→ **Exercise**
In your reply, repeat the full listing exactly and leave each picture out.

→ **Data**
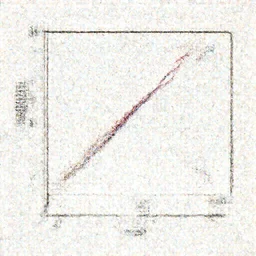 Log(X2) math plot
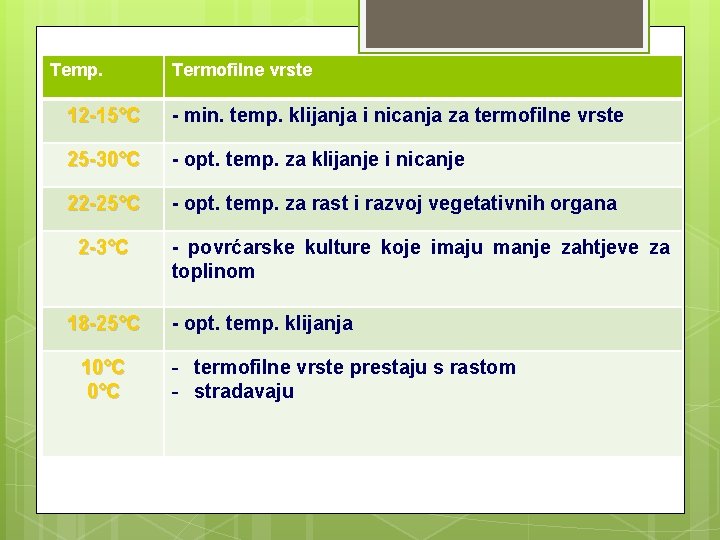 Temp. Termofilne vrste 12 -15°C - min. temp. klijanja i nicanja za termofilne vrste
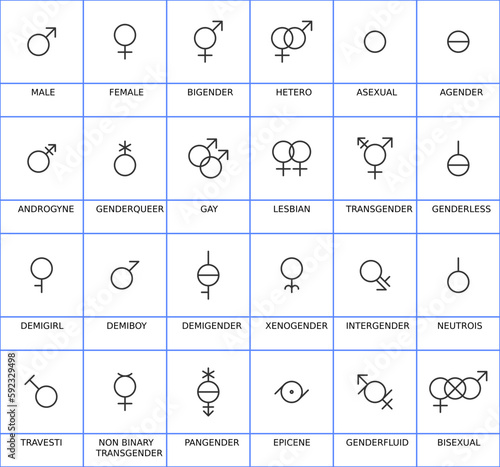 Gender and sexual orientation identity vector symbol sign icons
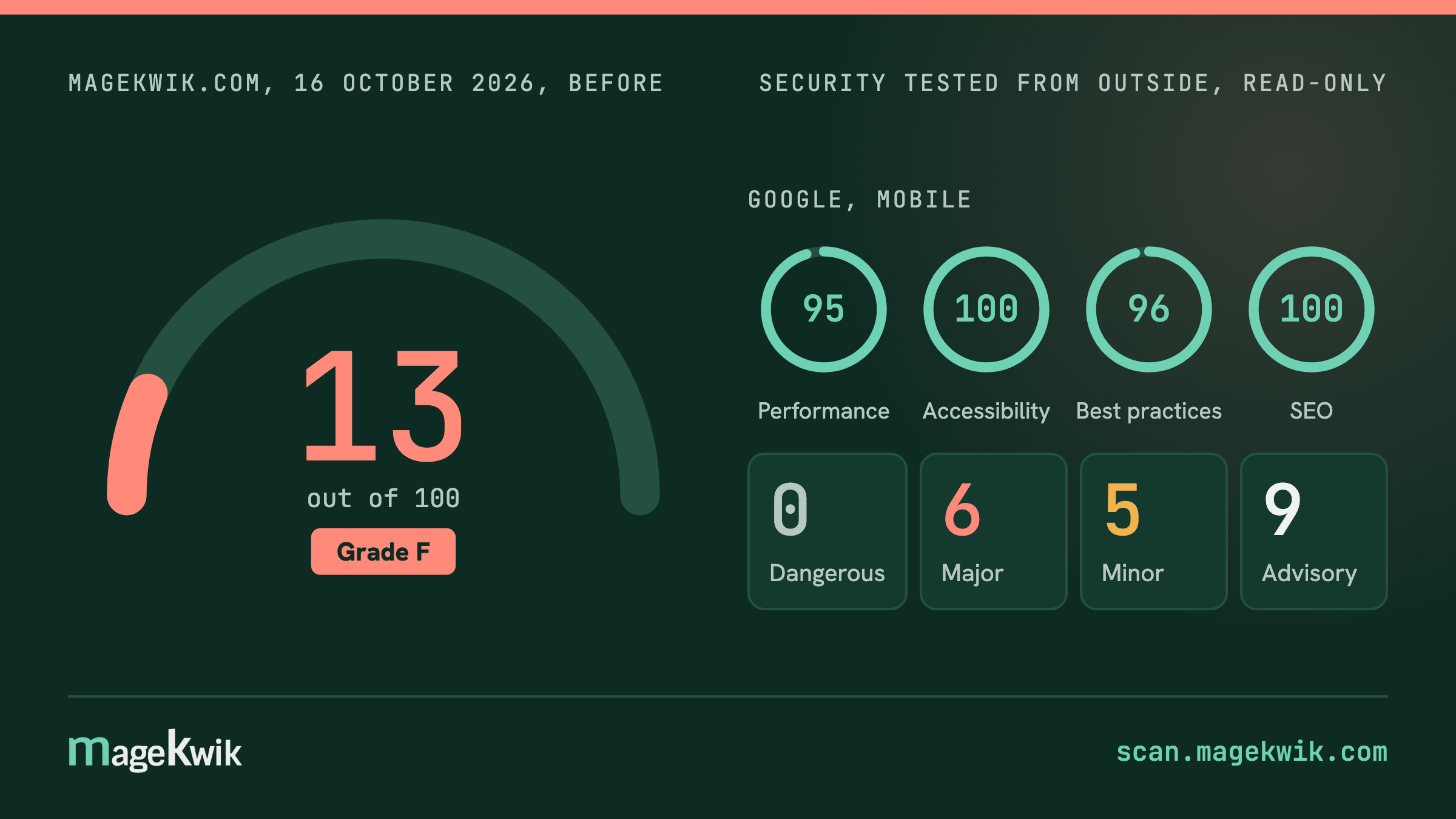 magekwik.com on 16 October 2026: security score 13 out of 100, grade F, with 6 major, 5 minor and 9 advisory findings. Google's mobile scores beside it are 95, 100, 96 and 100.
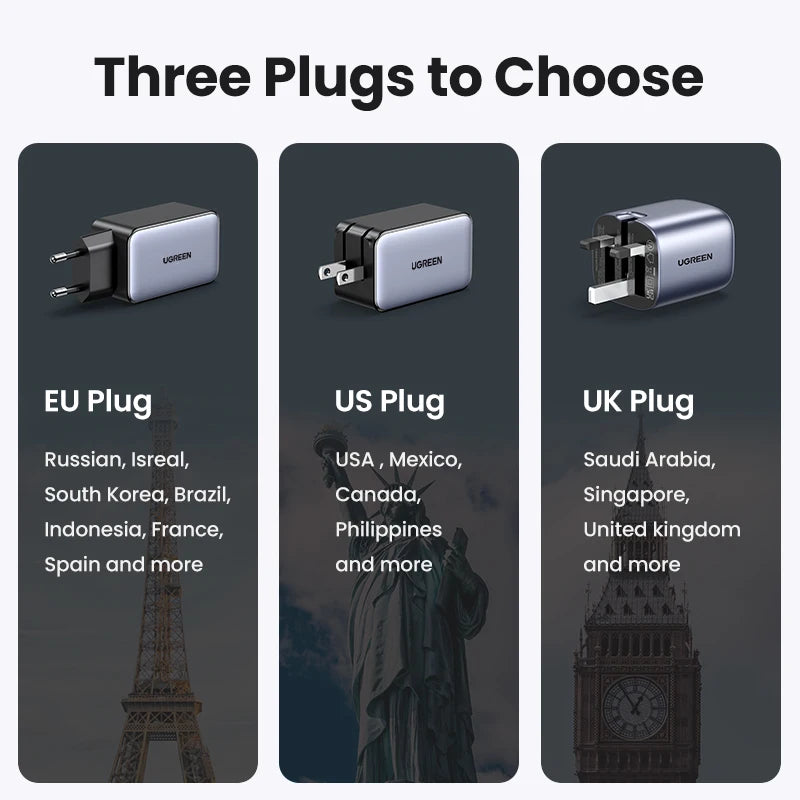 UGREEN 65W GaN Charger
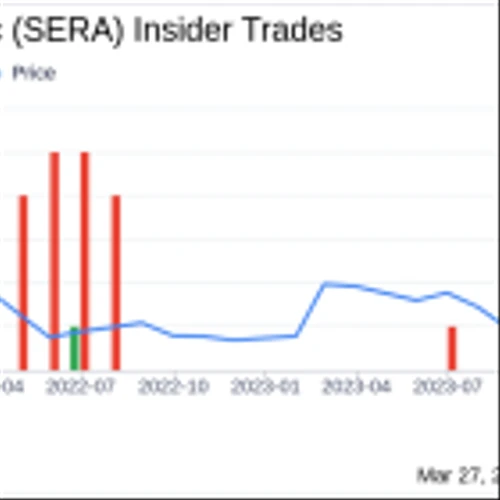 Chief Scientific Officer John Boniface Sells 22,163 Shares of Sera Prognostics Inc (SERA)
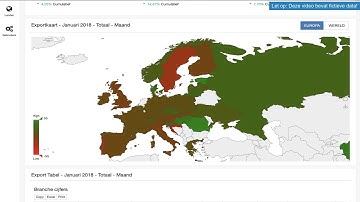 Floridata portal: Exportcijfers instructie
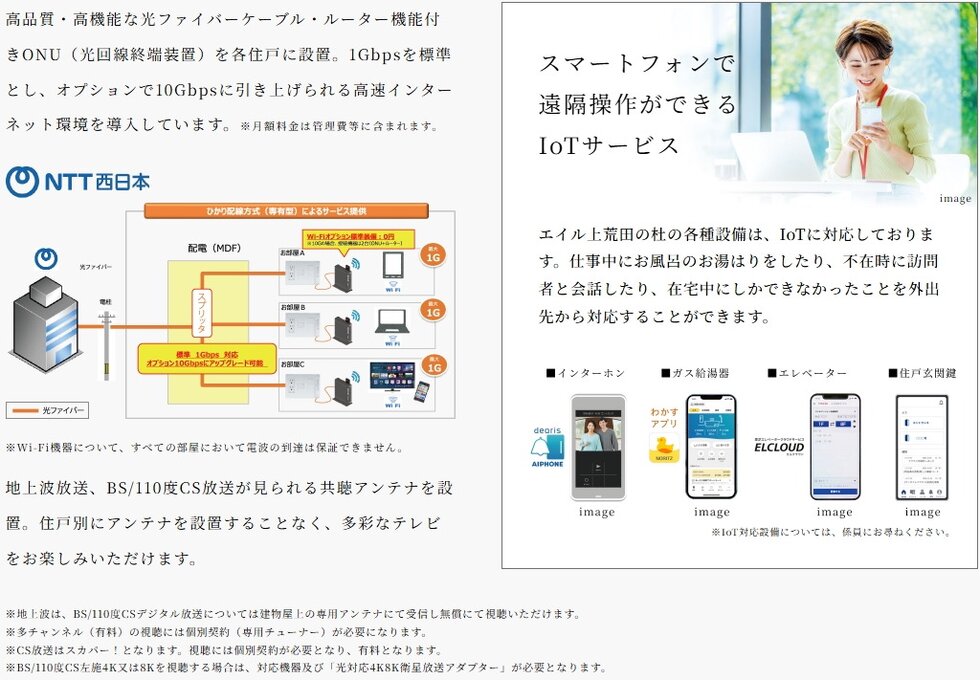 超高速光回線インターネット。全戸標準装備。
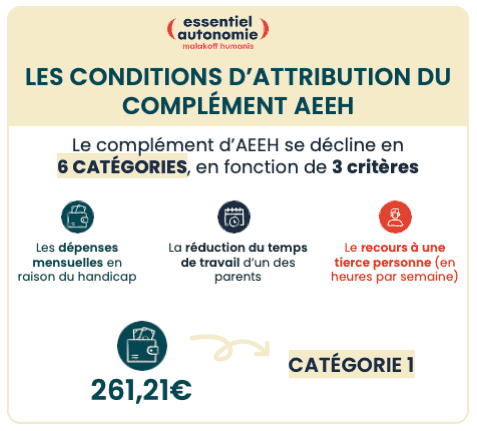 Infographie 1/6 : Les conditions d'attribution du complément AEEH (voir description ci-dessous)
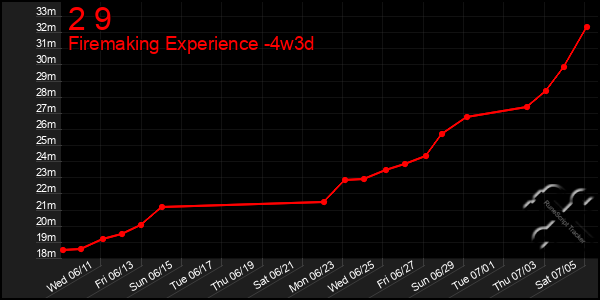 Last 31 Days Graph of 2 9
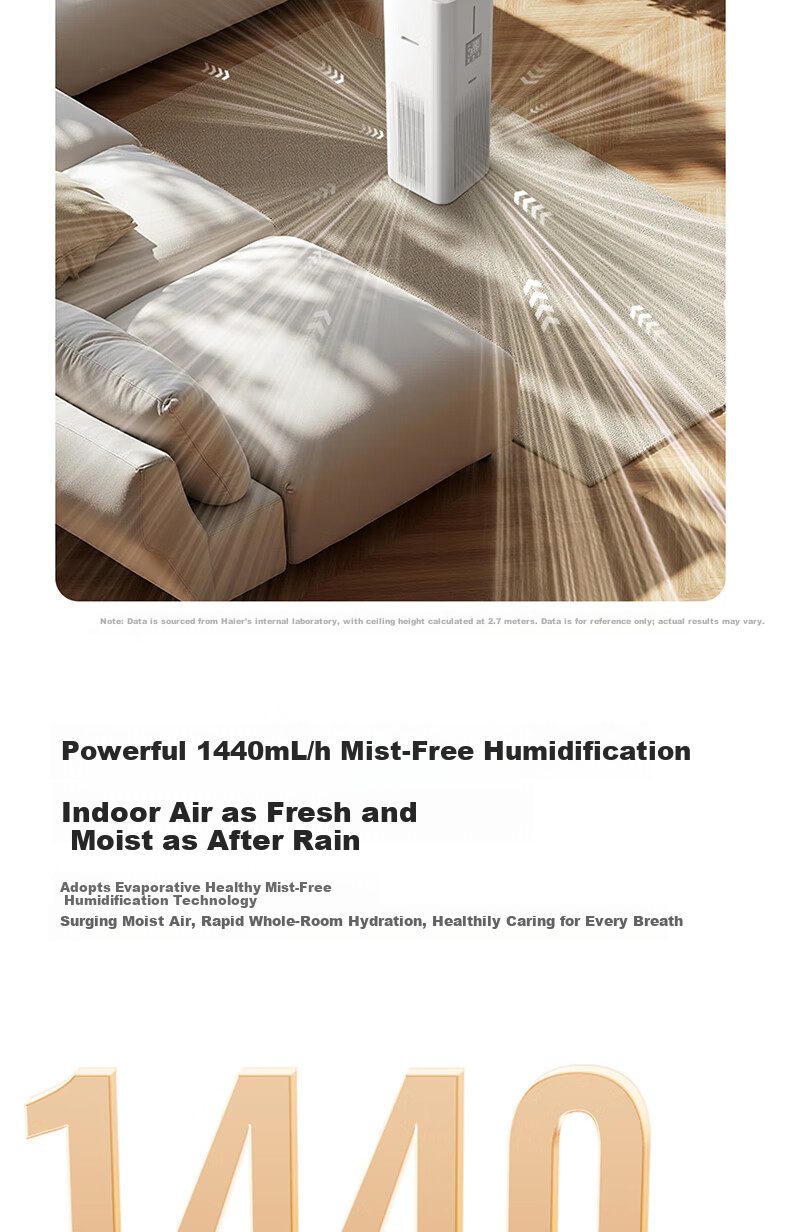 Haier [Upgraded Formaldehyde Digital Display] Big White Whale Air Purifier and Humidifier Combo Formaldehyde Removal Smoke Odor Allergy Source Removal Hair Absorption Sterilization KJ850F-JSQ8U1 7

→ **Solution for this exercise**
 Log(X2) math plot
 Temp. Termofilne vrste 12 -15°C - min. temp. klijanja i nicanja za termofilne vrste
 Gender and sexual orientation identity vector symbol sign icons
 magekwik.com on 16 October 2026: security score 13 out of 100, grade F, with 6 major, 5 minor and 9 advisory findings. Google's mobile scores beside it are 95, 100, 96 and 100.
 UGREEN 65W GaN Charger
 Chief Scientific Officer John Boniface Sells 22,163 Shares of Sera Prognostics Inc (SERA)
 Floridata portal: Exportcijfers instructie
 超高速光回線インターネット。全戸標準装備。
 Infographie 1/6 : Les conditions d'attribution du complément AEEH (voir description ci-dessous)
 Last 31 Days Graph of 2 9
 Haier [Upgraded Formaldehyde Digital Display] Big White Whale Air Purifier and Humidifier Combo Formaldehyde Removal Smoke Odor Allergy Source Removal Hair Absorption Sterilization KJ850F-JSQ8U1 7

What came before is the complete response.